У Плеханова хватило политического мужества во весь голос заявить накануне роковых событий октября 1917 года, что власть грядущая не может опираться лишь на узкий фундамент диктатуры пролетариата. Она „должна базироваться на коалиции всех живых сил страны". В серии статей, опубликованных в августе и сентябре 1917 года в газете „Единство", Плеханов прямо заявлял: коалиция - это соглашение нации. Не хотите соглашения - идите за Лениным; не решаетесь идти за Лениным - входите в соглашение.

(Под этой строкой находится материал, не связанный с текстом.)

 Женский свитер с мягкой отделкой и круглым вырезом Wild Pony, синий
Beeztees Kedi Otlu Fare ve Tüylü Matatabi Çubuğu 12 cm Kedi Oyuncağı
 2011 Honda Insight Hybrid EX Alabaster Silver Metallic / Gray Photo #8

В своих отчаянных теоретических попытках остановить приход диктатуры одной силы - „профессиональных революционеров" - Плеханов шел на заведомое политическое самоуничижение: „Неужели интересы рабочих всегда и во всем противоположны интересам капиталистов? Неужели в экономической истории капиталистического общества не бывает таких случаев, когда указанные интересы совпадают между собою?" Частичное совпадение интересов рождает сотрудничество в определенных областях. Социалистические и несоциалистические элементы могут реализовать это ограниченное по возможностям согласие в социальных реформах">115. Здесь Плеханов, не ссылаясь на „первоисточники", приходит к Бернштейну и Каутскому. Все это, с точки зрения Ленина и большевиков, было абсолютной ересью. Но история, похоже, подтвердила правоту того, что исторический шанс социализм мог (и может, возможно) иметь только на рельсах реформ, реформ и реформ… А они невозможны без минимума национального и социального согласия.

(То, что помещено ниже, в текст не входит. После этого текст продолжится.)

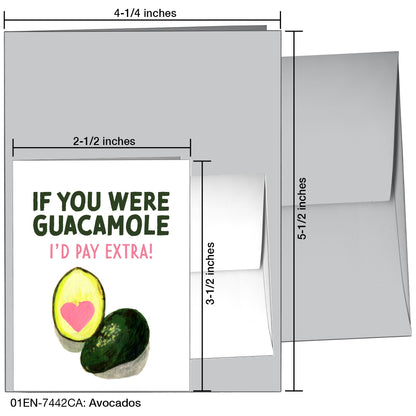 Avocados, Greeting Card (7442CA), Enclosure, printedcanvas.com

По существу, последние перед Октябрем статьи Плеханова представляют принципиально новую концепцию социализма. Она абсолютно другая, нежели у Ленина, который с помощью диктатуры, насилия, ликвидации эксплуататорских классов пытался привнести социализм с абстрактных марксистских матриц. Как затем Сталин, продолжая дело своего учителя, строил „социализм" в „одной стране" с помощью монополии одной политической силы, своих указаний и беспредельного террора.

У Плеханова, который долго защищал на заседаниях II Интернационала классовую методологию диктатуры пролетариата, хватило мужества пересмотреть многие из своих прежних постулатов. Не все историки и философы заметили, что в 1917 году Плеханов парадоксально изменился; он стал не только „оборонцем", но и „реформистом". А в глазах Ленина и большевиков не было в то время худших ругательств. В устах Ленина „плехановец" звучало как обвинение, и обвинение нешуточное.